3. State whether each of the following sets is finite or infinite.

(i) The set of lines which are parallel to the x-axis

(ii) The set of letters in the English alphabet

(iii) The set of numbers which are multiple of 5

(iv) The set of animals living on the earth

(v) The set of circles passing through the origin (0, 0)

Solution: (i) The set of lines which are parallel to the x-axis is an infinite set.

(ii) The set of letters in the English alphabet is a finite set, it contains 26 elements.

(iii) The set of numbers which are multiple of 5 is an infinite set.

(iv) The set of animals living on the earth is a finite set, the number of animals living on the earth is finite.

(v) The set of circles passing through the origin (0, 0) is an infinite set.

4. In the following, state whether A = B or not.

(i) A = {a, b, c, d}; B = {d, c, b, a}

(ii) A = {4, 8, 12, 16}; B = {8, 4, 16, 18}

(iii) A = {2, 4, 6, 8, 10}; B = {x: x is positive even integer and x ≤ 10}

(iv) A = {x: x is a multiple of 10}; B = {10, 15, 20, 25, 30 …}

Solution:

(i) A = {a, b, c, d}; B = {d, c, b, a}

The order in which the elements of a set are listed is not significant.

Therefore, $A = B$ .

(ii) A = {4, 8, 12, 16}; B = {8, 4, 16, 18}

We know that 12 ∈ A but 12 ∉ B.

Therefore, $A \neq B$

(iii) A = {2, 4, 6, 8, 10};

B = {x: x is a positive even integer and x ≤ 10} = {2, 4, 6, 8, 10}

Therefore, $A = B$

(iv) A = {x: x is a multiple of 10}

B = {10, 15, 20, 25, 30 …}

We know that 15 ∈ B but 15 ∉ A.

Therefore, $A \neq B$

5. Are the following pair of sets equal?
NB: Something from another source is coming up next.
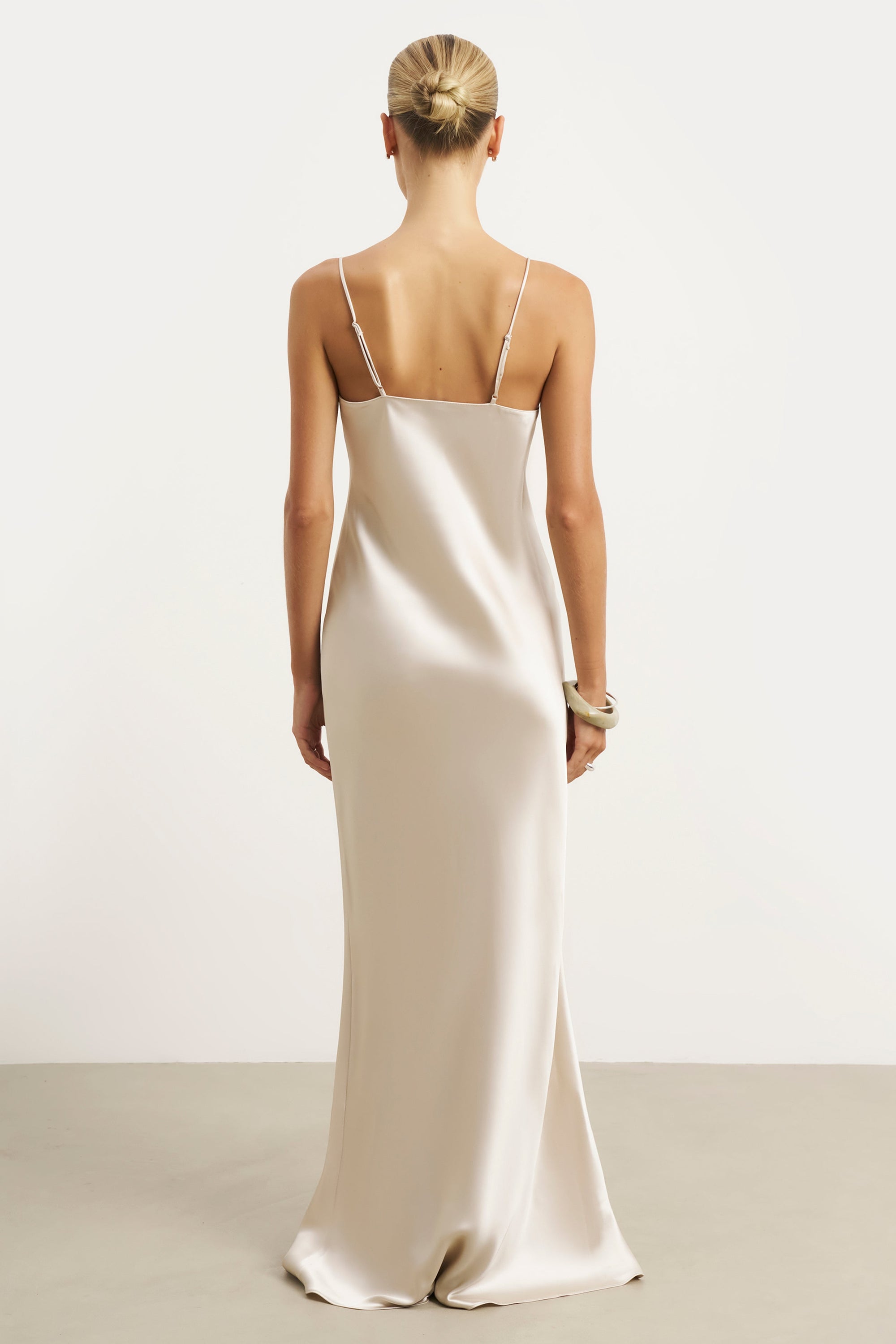 Satin Lace Detail Camisole Maxi Dress - Champagne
Give reasons.

(i) A = {2, 3}; B = {x: x is solution of x² + 5x + 6 = 0}

(ii) A = {x: x is a letter in the word FOLLOW}; B = {y: y is a letter in the word WOLF}

Solution: (i) A = {2, 3}; B = {x: x is solution of x² + 5x + 6 = 0}

x² + 5x + 6 = 0 can be written as

⇒ x(x + 3) + 2(x + 3) = 0

⇒ (x + 2) (x + 3) = 0

So, we get

x = –2 or x = –3

Here,

A = {2, 3}; B = {–2, –3}

Therefore, $A \neq B$

(ii) A = {x: x is a letter in the word FOLLOW} = {F, O, L, W}

B = {y: y is a letter in the word WOLF} = {W, O, L, F}

The order in which the elements of a set which are listed is not significant.

Therefore, $A = B$ .

6. From the sets given below, select equal sets.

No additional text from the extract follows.